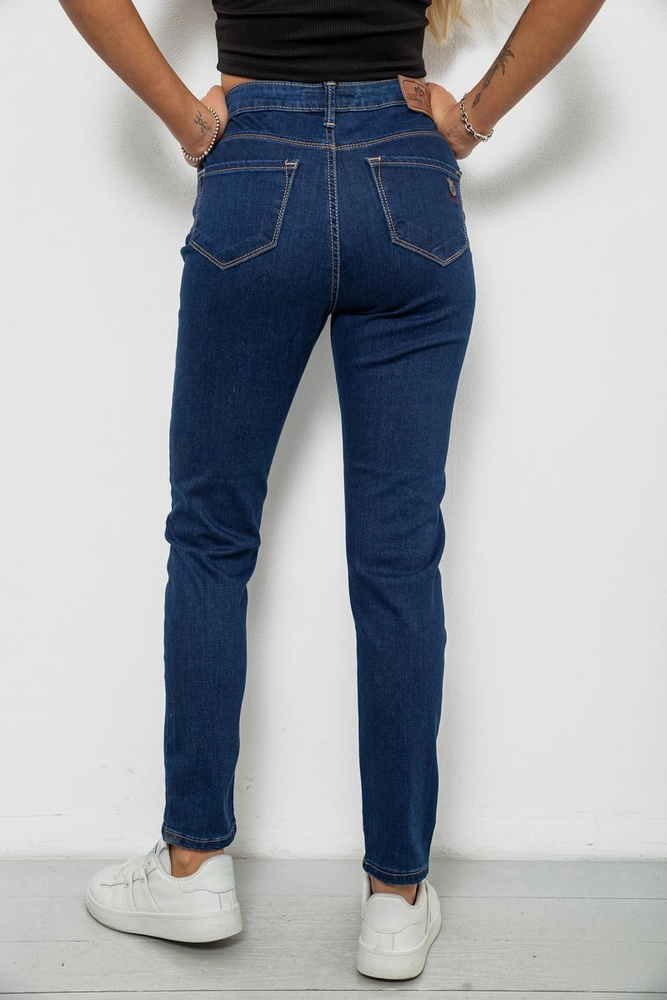 Купити Джинси жіночі однотонні Skinny, колір синій, 244R9001 - Фото №4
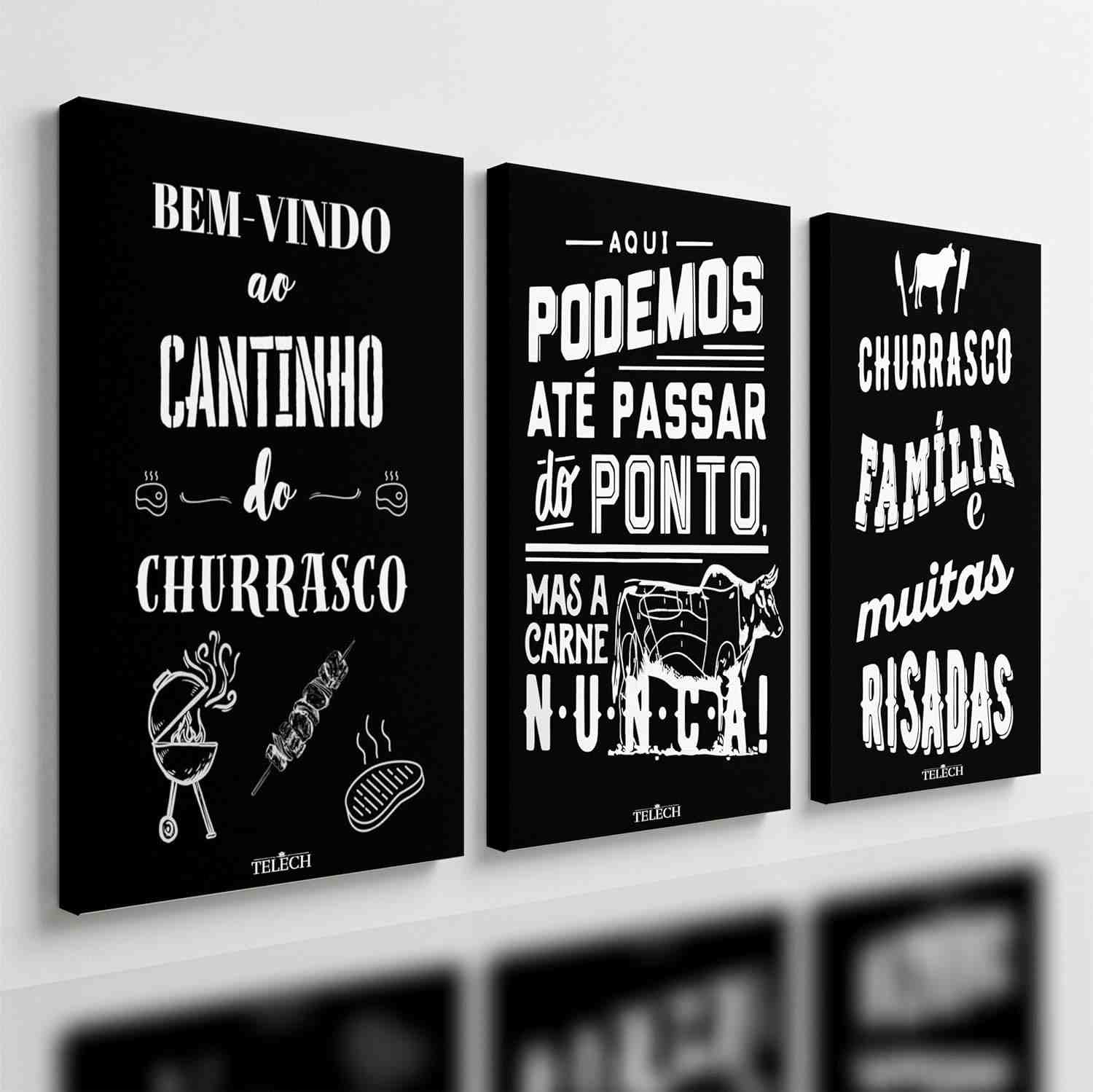 Kit 3 Quadros Decorativos para Área de Churrasqueira - Tema Churrasco 40x28cm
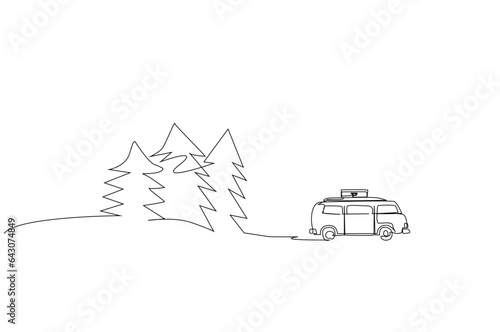 caravan suv travel trip nature pine trees lifestyle line art design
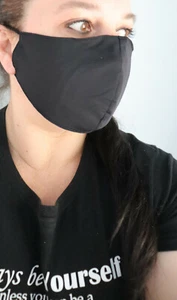 3pc Breathable Face Mask Reusable Washable Face Mask Cloth Black Light weight - Picture 1 of 7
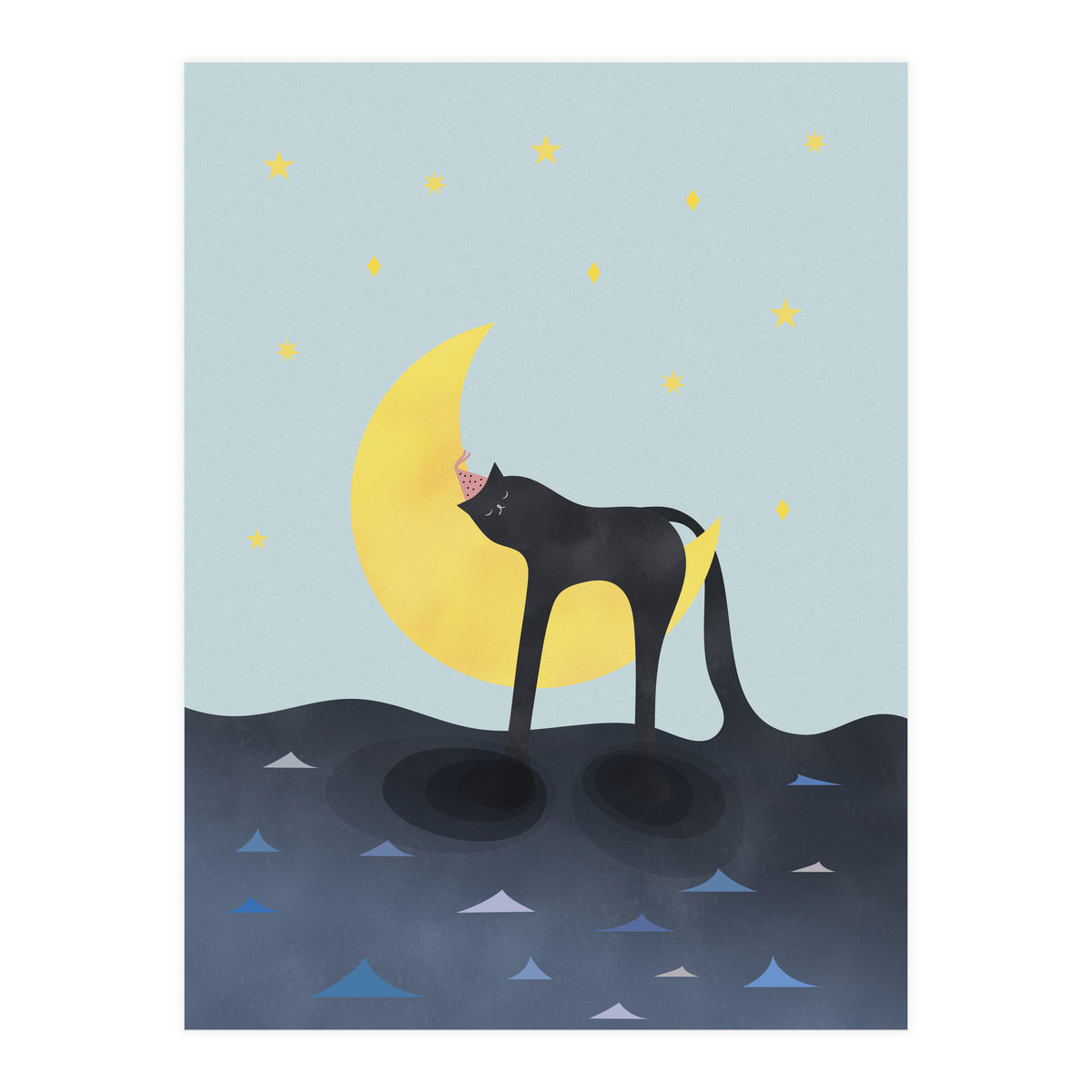 Beauty Sleep - Melting Cat on the crescent moon (Print Only)
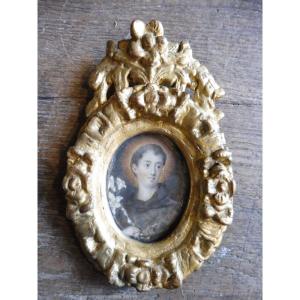 Miniature  sur ivoire  "saint Joseph"  dans un cadre en bois doré  Louis XIV 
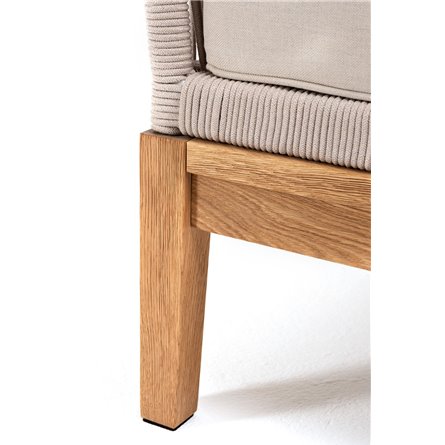 "Канны" угловой модуль плетеный из роупа, основание дуб, роуп бежевый круглый, ткань бежевая 052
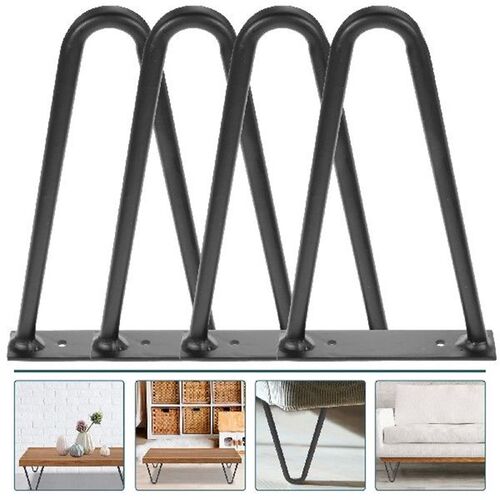 4 Pcs Black Metal Hairpin Table Legs 200mm Height for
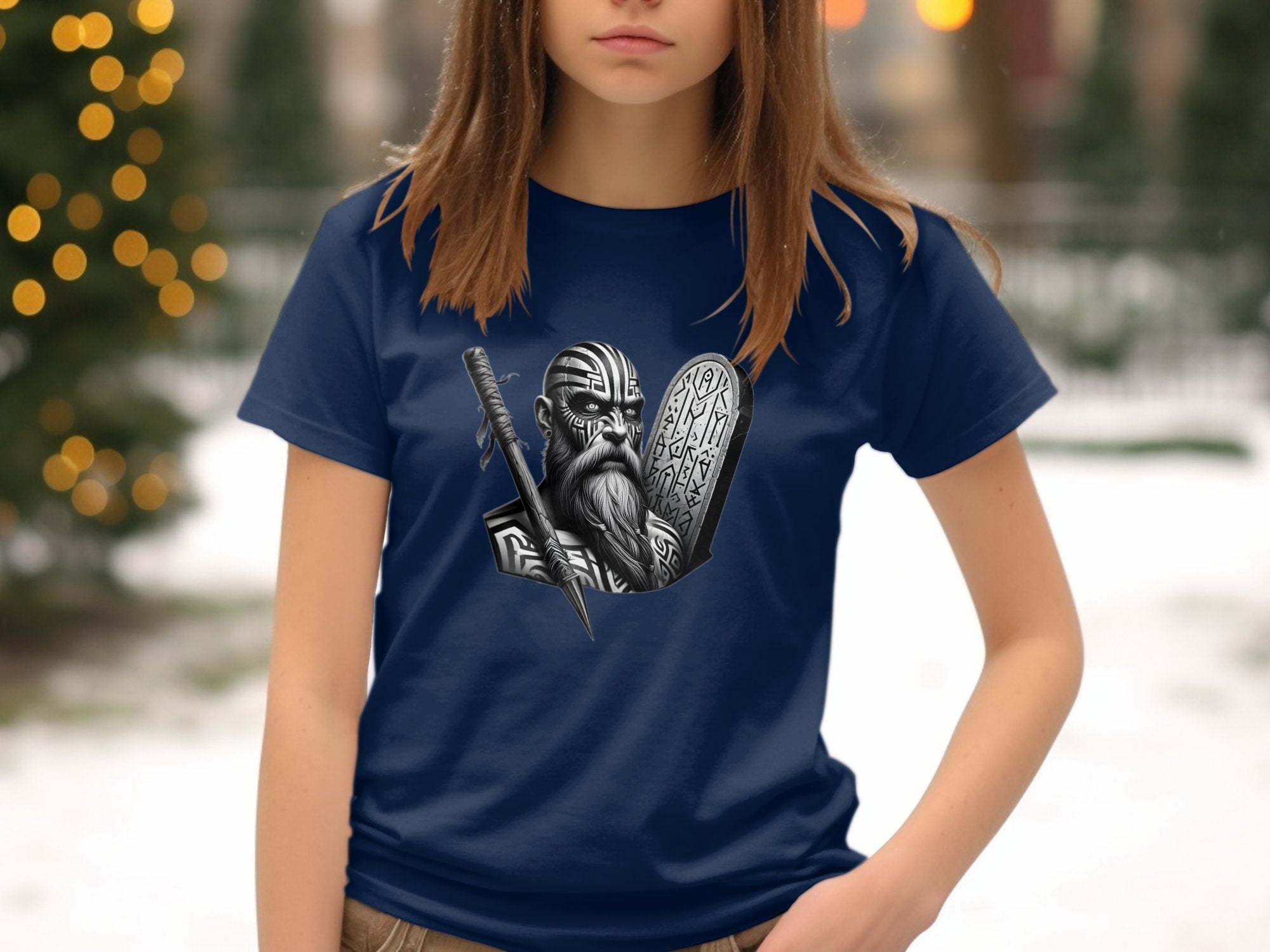 Viking Determination - Coloured Gildan Kids T-Shirt Realistic Norse Talisman Unisex Valhalla Tee Graphic Design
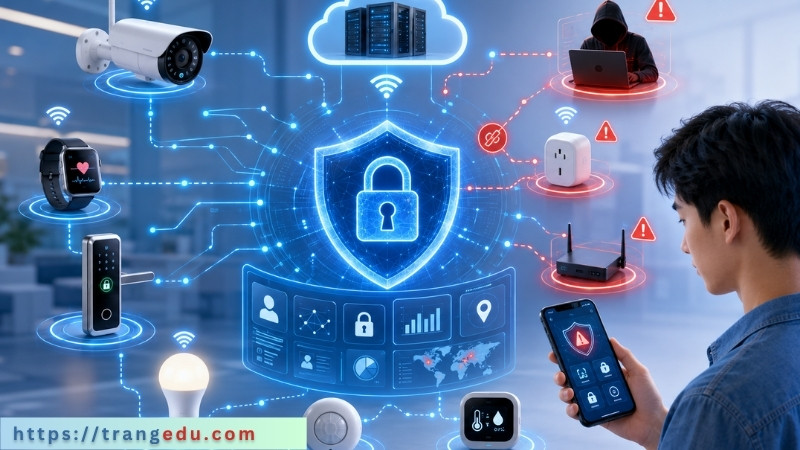 Minh họa rủi ro và thách thức của IoT liên quan đến bảo mật và quyền riêng tư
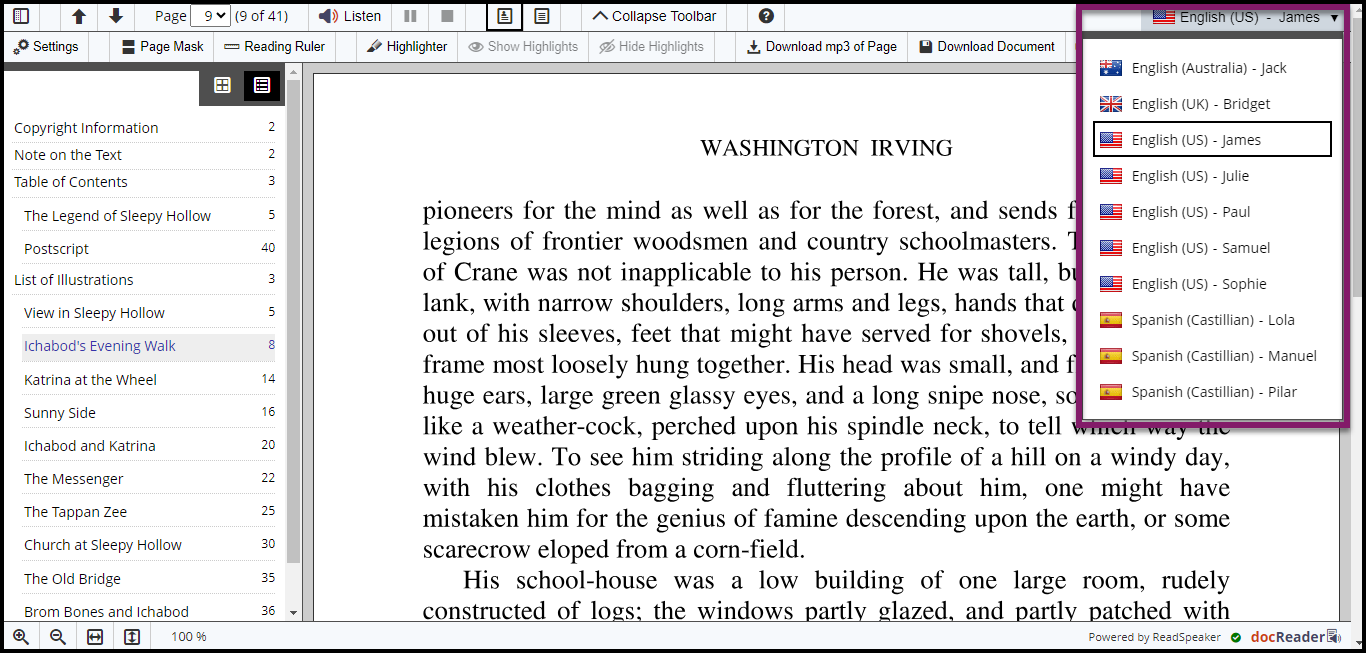 The reading voice options can be found by clicking the drop-down menu in the top right corner of the screen. 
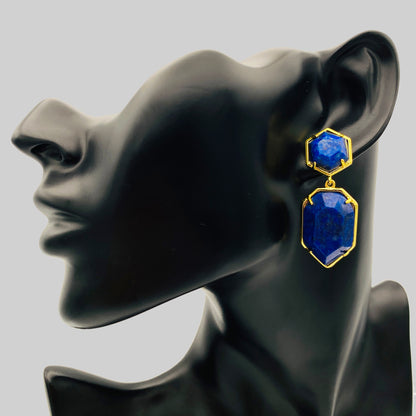 Natural Gemstone Blue Lapis Lazuli Dangle Earrings, Bohemian Style Gold-toned Birthstone Jewelry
********
• **WHAT TO WORK ON**: Please copy out the whole listing exactly as it stands, minus the pictures.

• **EXERCISE ANSWER**:
 Купити Джинси жіночі однотонні Skinny, колір синій, 244R9001 - Фото №4
 Kit 3 Quadros Decorativos para Área de Churrasqueira - Tema Churrasco 40x28cm
 caravan suv travel trip nature pine trees lifestyle line art design
 3pc Breathable Face Mask Reusable Washable Face Mask Cloth Black Light weight - Picture 1 of 7
 Beauty Sleep - Melting Cat on the crescent moon (Print Only)
 Miniature  sur ivoire  "saint Joseph"  dans un cadre en bois doré  Louis XIV 
 "Канны" угловой модуль плетеный из роупа, основание дуб, роуп бежевый круглый, ткань бежевая 052
 4 Pcs Black Metal Hairpin Table Legs 200mm Height for
 Viking Determination - Coloured Gildan Kids T-Shirt Realistic Norse Talisman Unisex Valhalla Tee Graphic Design
 Minh họa rủi ro và thách thức của IoT liên quan đến bảo mật và quyền riêng tư
 The reading voice options can be found by clicking the drop-down menu in the top right corner of the screen. 
 Natural Gemstone Blue Lapis Lazuli Dangle Earrings, Bohemian Style Gold-toned Birthstone Jewelry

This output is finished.